Colony Credit Real Estate Inc (CLNC)
Colony Credit Real Estate specializes in commercial real estate. While its dividend is not currently quite as high as that of AI, its dividend is experiencing positive growth. During an economic boom, this kind of REIT can provide excellent returns as people go out and spend.
Ready Capital (RC)
Ready Capital provides financing for a variety of purposes, including single-family homes, multi-family homes, and also provides business loans.
This somewhat unique mREIT pays a high dividend. Plus, the fact that it deals in more than just single-family home mortgages gives it the diversity to weather both good and bad economic conditions.
Redwood Trust (RWT)
RWT deals specifically in single-family and multi-family homes. However, it also provides business-purpose loans and what it refers to as third-party loans.
Redwood Trust’s dividend has dropped as of late, but that doesn’t mean it isn’t worth considering. It still has a nearly 10% dividend, and residential real estate is always in demand.
Should You Invest in a REIT?
REITs can be an effective way to build wealth while adding some much-needed diversity. That said, every REIT is different, so buying shares in multiple sectors may be a good idea.
For example, in this article, we have covered many different sectors, including commercial real estate, residential real estate, business financing, and even financing for medical-use cannabis.
For easier diversification in REIT investing, it may be wise to consider REIT ETFs.

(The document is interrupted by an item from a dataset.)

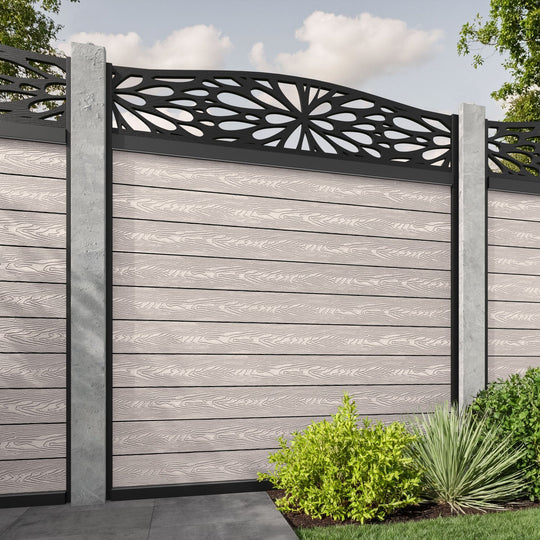 Classic Blossom Curved Top Fence Panel - Mid Stone - for existing concrete posts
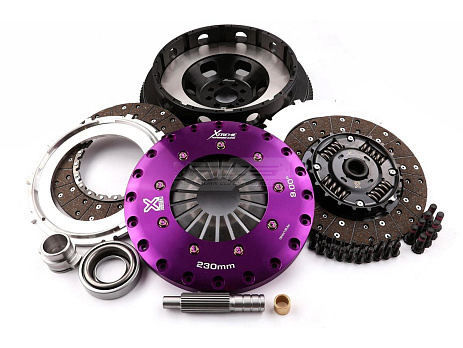 Spojková sada Xtreme Clutch - 230mm Sprung hub Organic Twin Plate včetně setrvačníku 1000Nm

However, keep in mind that while REIT ETFs are potentially less volatile, you will see a lower return on them as a result.
All in all, REITs provide a steady, reliable income. While the return may not be quite as high as it would be for a landlord, REITs remove almost all of the work, the barrier to entry is much lower, and so is the risk.
Those looking to make their portfolio stronger and more diverse should consider adding a mix of REITs to take advantage of the always-in-demand real estate.